This post is part of Paste’s Century of Terror project, a countdown of the 100 best horror films of the last 100 years, culminating on Halloween. You can see the full list in the master document, which will collect each year’s individual film entry as it is posted.

The Year

The early 1920s, and really the entire decade by extension, until the talkie revolution, have a tendency to feature one or two significant horror films per year. In the beginning of the decade these are largely international films, the U.S. film industry having not quite caught up yet to the experimentation that was happening overseas. In 1921, that included early films from the likes of Fritz Lang (The Three Lights) and F.W. Murnau (The Haunted Castle), both of whom will appear prominently in later entries of this series.

These years are also plagued, however, by the existence of significant films that are now lost to time. Among them in 1921 is the Hungarian-produced Dracula’s Death, which preceded Nosferatu by a year in adapting—apparently very loosely—the characters of Bram Stoker’s Dracula. The film is theorized to be lost, although a print may apparently still exist in Hungarian archives. Regardless, it likely hasn’t been screened since 1923.

1921 was also home, oddly enough, to one of the earliest adaptations of Frankenstein in Italy, under the title Il mostro di Frankenstein. This adaptation was preceded only by the more famous Thomas Edison-produced, 12-minute version of Frankenstein from 1910.

1921 Honorable Mentions: The Haunted Castle, The Three Lights, Dracula’s Death (lost film)


The Film: The Phantom Carriage
Director: Victor Sjöström

In the canon of “man on his deathbed looks back on how his life ended up in such a ruinous state” films, few approach the iconic nature of The Phantom Carriage, one of the best known works in the history of Swedish cinema. It’s a masterpiece of composition and a breakthrough in early practical effects (especially double exposures to simulate ghostly transparency) within the horror genre, although the film functions just as much as a morality playlet and over-the-top melodrama. Regardless of classification, though, its imagery has echoed and been evoked through popular cinema around the world for almost a century.

The Phantom Carriage is the story of unrepentant drunk and consumptive David Holm, who stands proudly as one of the more determinedly unsympathetic “protagonists” in film history. Gathering all his drinking buddies around him in a graveyard on New Year’s Eve, he relates a folk tale of how the last soul to die in any given year is supposedly cursed to drive the carriage of the damned for the next 365 days. This is of course exactly what happens to David, who learns he’ll have to take over for his friend Georges, who managed to die the previous New Year’s Eve … but not before Georges takes David on an interdimensional journey through time and space, so David can see all the lives his obstinate drunkenness and misanthropy have destroyed along the way.

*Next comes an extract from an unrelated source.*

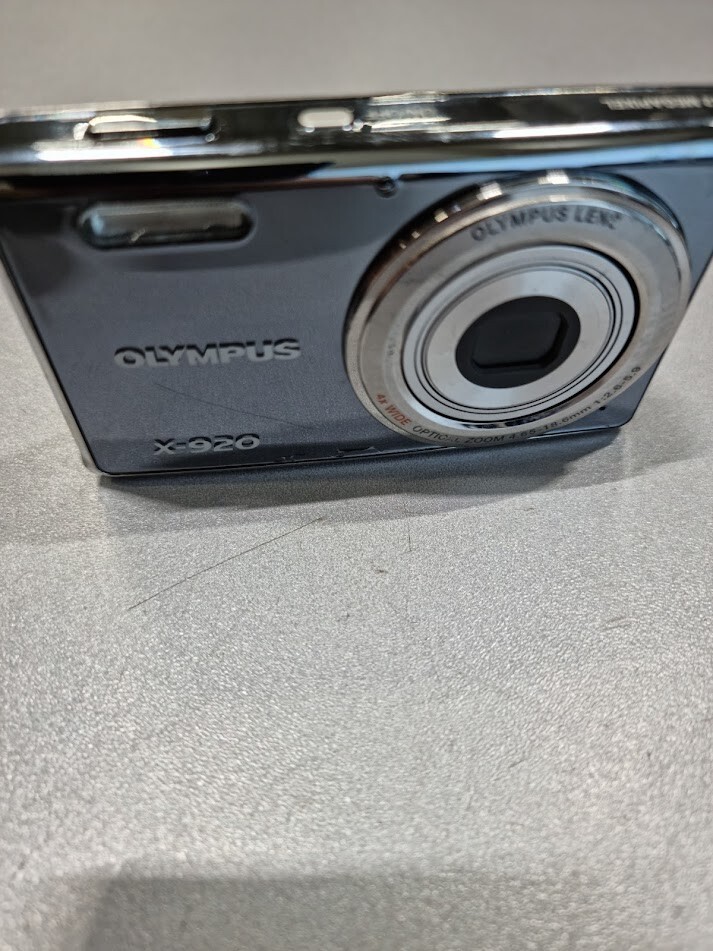 Cámara digital Olympus X-920 12MP zoom óptico 4X usada no funciona para piezas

If that sounds a bit like A Christmas Carol, except with The Ghost of Christmas Yet to Come being promoted to Scrooge’s sole tour guide, then you’d be correct, except for the positively bleak tone throughout. The film trades in the absolute caddishness of the bitterly selfish, “modern man” symbolized by David, who mocks others for their attempts to make the world a better place and physically rejects acts of kindness meant to help him crawl out of the gutter. Watching a kindly Salvation Army worker sew new patches into David’s torn coat, only for him to rip them out rather than accept a bit of human kindness is a devastating sight, which can’t help but make the viewer consider the implications of “those who can’t be saved.”

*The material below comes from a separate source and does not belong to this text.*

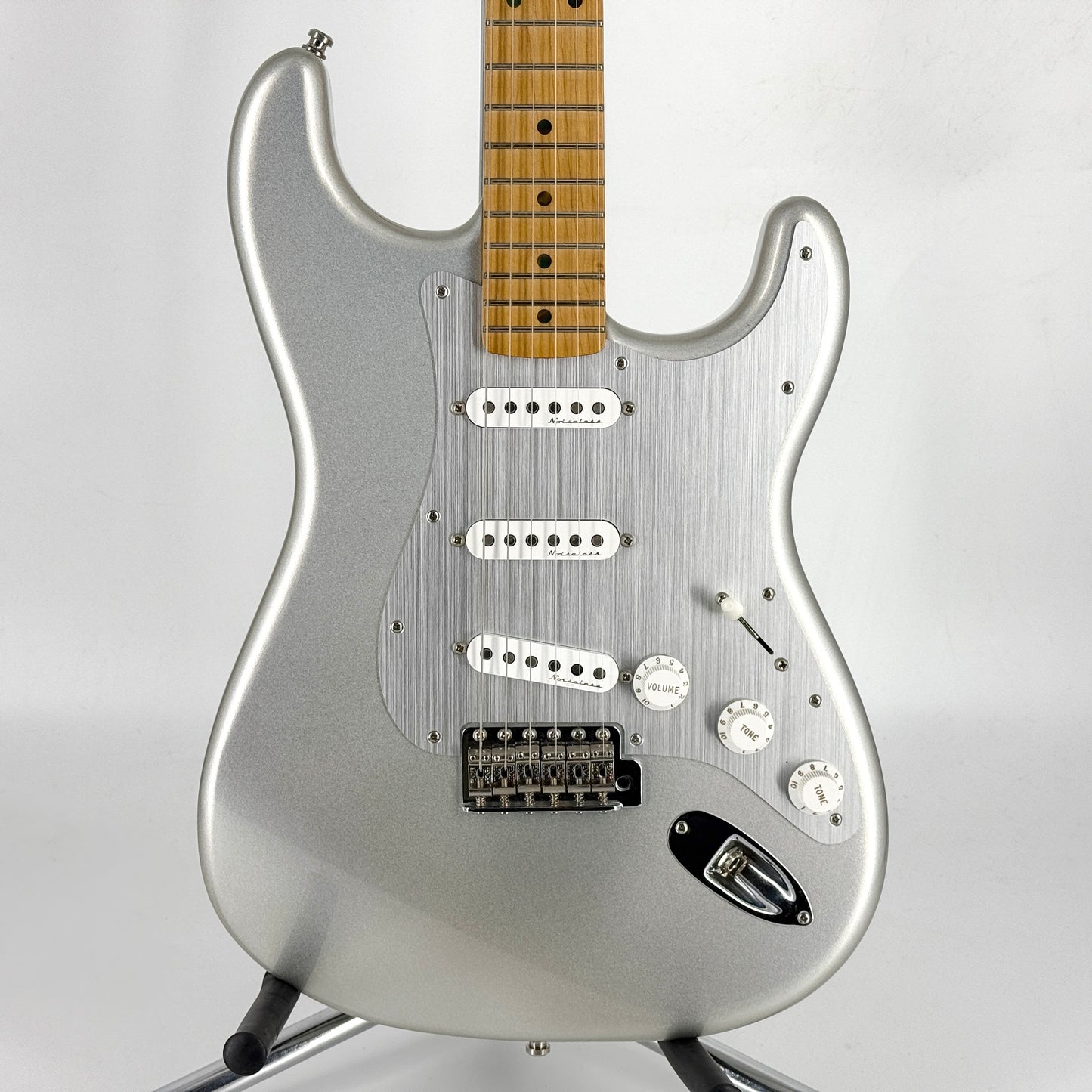 2020 FENDER H.E.R. Signature Stratocaster - Chrome Glow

Viewing The Phantom Carriage, film geeks in the audience will be struck by certain scenes or shots that seem like clear inspirations for depictions of death and the afterlife in the decades that followed. The carriage itself cresting a hill is notably evocative of a similar shot in director Ingmar Bergman’s The Seventh Seal, that of the danse macabre filmed from a distance. And when David clutches an axe, chopping down a door in a frenzy while his wife and children cower on the other side, comparison to Kubrick’s The Shining is unavoidable. The scene loses none of its power without being able to hear the dull thud of axe on wood.

Modern restorations of The Phantom Carriage, such as the one featured by the Criterion Collection, have made the film more accessible (and visually crisp) than ever, although it can also be seen in its entirety (in less than perfect quality) by simply browsing YouTube. This is one case, however, when a traditional viewing, preferably with a bit of mood lighting, will go a long way in delivering the intended atmosphere. Your friends probably won’t appreciate you throwing it on at a New Year’s Eve party, but you’re welcome to try.